Trailer pools are nothing new to the industry, but this one is different, according to Wabash. What distinguishes it from the rest is that Wabash is using “smart trailers” loaded with sensors that collect and share data on their location, tire inflation levels, operating condition, door openings, and more, enabling better fleet monitoring and proactive maintenance. Wabash then crunches the data to provide analysis and insights to its customers, allowing them to run faster and more efficient routes.
That suite of built-in sensors “makes the trailer go from being a dumb box to a smart asset,” says Brion St Amour, senior director of commercial, Wabash Marketplace. With that foundation in place, Wabash is scaling up its pool of units from about 1,000 smart trailers today to more than 3,500 by the end of 2025, he adds.
LET YOUR COMPUTERS DO THE TALKING
In the meantime, a prominent industry organization has joined the digitalization cause. Though it’s perhaps best known as a standards-setting body, the National Motor Freight Traffic Association (NMFTA) has also been developing technology to facilitate automated communications among shippers, carriers, and third parties. To be specific, it’s been working to create a protocol that allows computers to exchange freight data directly, eliminating the need for humans to handle the task via phone calls and emails.

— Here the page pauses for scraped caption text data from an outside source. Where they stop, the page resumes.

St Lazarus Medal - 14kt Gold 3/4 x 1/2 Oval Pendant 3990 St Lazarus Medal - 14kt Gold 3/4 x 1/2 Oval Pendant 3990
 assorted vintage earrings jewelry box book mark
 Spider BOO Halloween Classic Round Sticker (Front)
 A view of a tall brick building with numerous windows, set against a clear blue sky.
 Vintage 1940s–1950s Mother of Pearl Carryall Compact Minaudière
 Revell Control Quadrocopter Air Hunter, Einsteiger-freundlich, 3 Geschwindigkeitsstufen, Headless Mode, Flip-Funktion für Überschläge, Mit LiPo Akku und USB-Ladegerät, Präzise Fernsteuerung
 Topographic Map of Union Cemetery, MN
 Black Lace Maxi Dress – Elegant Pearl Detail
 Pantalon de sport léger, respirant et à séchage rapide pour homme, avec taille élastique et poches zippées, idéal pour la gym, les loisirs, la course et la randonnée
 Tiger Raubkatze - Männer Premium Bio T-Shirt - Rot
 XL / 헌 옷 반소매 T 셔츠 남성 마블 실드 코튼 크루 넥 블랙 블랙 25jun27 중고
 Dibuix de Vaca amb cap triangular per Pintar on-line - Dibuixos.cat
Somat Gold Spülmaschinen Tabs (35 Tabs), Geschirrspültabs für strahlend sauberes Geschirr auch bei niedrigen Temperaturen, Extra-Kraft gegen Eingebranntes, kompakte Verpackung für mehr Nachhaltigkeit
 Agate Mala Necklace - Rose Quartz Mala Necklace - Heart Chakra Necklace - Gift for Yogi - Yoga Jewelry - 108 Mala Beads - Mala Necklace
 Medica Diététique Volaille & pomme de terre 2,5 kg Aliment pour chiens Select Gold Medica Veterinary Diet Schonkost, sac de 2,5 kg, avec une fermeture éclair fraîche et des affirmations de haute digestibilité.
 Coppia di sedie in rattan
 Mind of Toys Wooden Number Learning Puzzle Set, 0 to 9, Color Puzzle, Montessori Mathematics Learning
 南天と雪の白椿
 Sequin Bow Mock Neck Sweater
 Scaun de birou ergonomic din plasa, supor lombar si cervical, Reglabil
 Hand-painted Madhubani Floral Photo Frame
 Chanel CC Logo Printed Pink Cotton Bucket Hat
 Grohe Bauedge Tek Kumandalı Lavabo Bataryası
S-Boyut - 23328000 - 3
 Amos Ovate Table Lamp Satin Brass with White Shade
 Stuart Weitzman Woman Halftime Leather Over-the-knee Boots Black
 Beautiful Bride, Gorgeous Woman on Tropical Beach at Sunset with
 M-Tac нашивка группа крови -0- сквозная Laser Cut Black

Those efforts came to fruition about two and a half years ago when the NMFTA’s Digital LTL Council—a coalition of less-than-truckload (LTL) carriers, shippers, 3PLs, and tech developers—unveiled an API (application programming interface) standard designed to streamline the exchange of electronic bills of lading (eBOLs). The new standard quickly gained traction with carriers, logistics service providers (LSPs), and shippers, who found that it reduced their costs and errors and improved overall communication and service, says Keith Peterson, director of operations at NMFTA.
Buoyed by that success, the Digital LTL Council recently released a second API, its “Pickup and Visibility” offering, which is designed to standardize communications regarding pickup requests and the status of a requested pickup. And there’s more to come, according to Peterson. He says the group will soon launch four more APIs, which will address preliminary freight charges, in-transit visibility, invoicing and rate disputes, and rate quotes and cargo claims.
The effort is now expanding beyond the LTL sector. In late December, NMFTA announced plans to roll out a similar series of APIs through its newly formed Digital Full Truckload Council. Those new APIs will complement the work done by another standards-setting body, the Scheduling Standards Consortium (SSC), which was formed in 2022 to simplify the integration of systems used by shippers, truckload carriers, and intermediaries and create a more efficient appointment scheduling process, Peterson says.
Despite the industry’s initial skepticism, it seems that digitalization can indeed be applied to one of the most purely physical links in the supply chain—moving heavy boxes from point A to point B. And as the new generation of digital tools continues to expand, logistics partners at every node of the network stand to realize benefits such as time and labor savings, increased accuracy, quicker turnover of trucks and trailers, and faster delivery of loads to their final destination.